The late sci-fi and fantasy author shook up societal norms, gender roles, and genre constraints with her galaxy-spanning art

The late, great American writer Ursula K. Le Guin changed sci-fi and fantasy writing forever when she emerged in the late 60s. In her time, the American author published 20 novels, over 100 short stories, 12 books of poetry, seven essay collections, 13 children’s books and a guide for would-be writers across a career spanning several decades. Her writings surpassed traditional sci-fi and fantasy, and with her Daoist beliefs, delved into hopeful new worlds that broke free from the political, gendered, and social restraints we know in our own. From her Earthsea series to the revered Left Hand of Darkness, Le Guin shook up gender norms and broke open patriarchal gatekeeping.

The life and work of this icon, who passed away in January, are captured in vivid, eye-opening detail in Worlds of Ursula K. Le Guin, a 2018 crowd-funded documentary that took director Arwen Curry 10 years to make.

We caught up with the San Francisco-based director ahead of the film’s screening at New Suns, a feminist literary festival at London’s Barbican centre.   

How did you first encounter LeGuin’s work, and why did it resonate with you

Arwen Curry: I read Le Guin as a child, as many people do. I got into her work with the Earthsea books. I also read some of her adult novels that were on my dad's bookshelf.  The authenticity of her imagined worlds made them feel very real to me.
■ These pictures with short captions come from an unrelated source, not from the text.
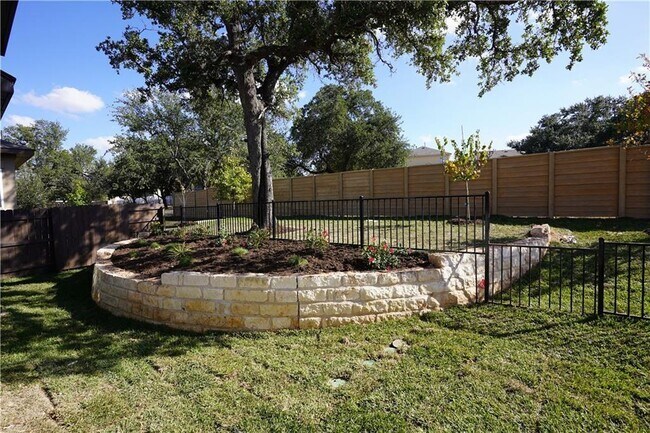 Building Photo - 600 C-Bar Ranch Trl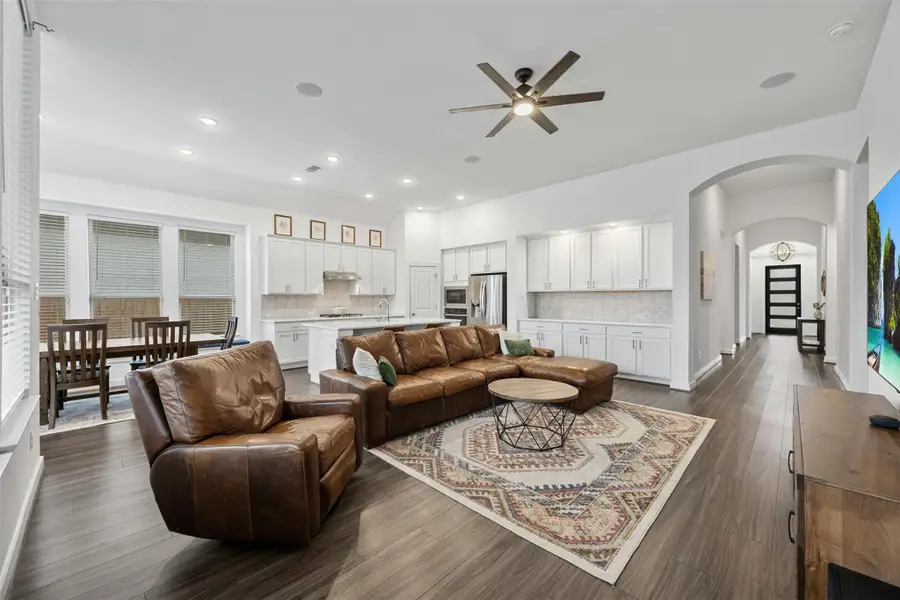 22610 Maidengrass Ln, Lago Vista, TX 78645 - Image #2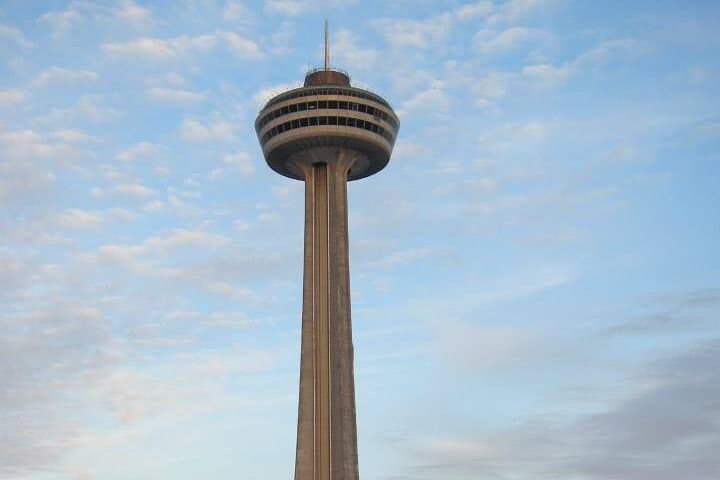 5-Day Niagara Falls, Toronto, Montreal and Quebec City from NYC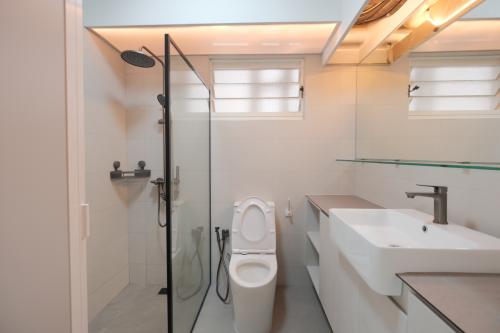 Minimalist Bathroom at 617D Punggol Dr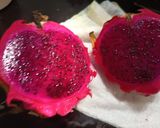 Foto langkah ke 1 dari resep Dragon Fruit milk Pudding.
How did you get into film, and making this film in particular?  

Arwen Curry: I had a writing background, working as the editor of a venerable punk magazine based in San Francisco called Maximum Rocknroll. I was about to go to journalism school, and I was thinking about projects that could honour and explore the lives of feminist writers that had influenced me; Le Guin was one of those women.  By the time I got to Berkeley (Graduate School of Journalism), I decided to do the film documentary program there, with this film in mind. I fundraised for and shot Worlds Of… concurrently with several other feature documentaries: Regarding Susan Sontag; Eames: The Architect & The Painter (about husband-and-wife team Charles and Ray Eames).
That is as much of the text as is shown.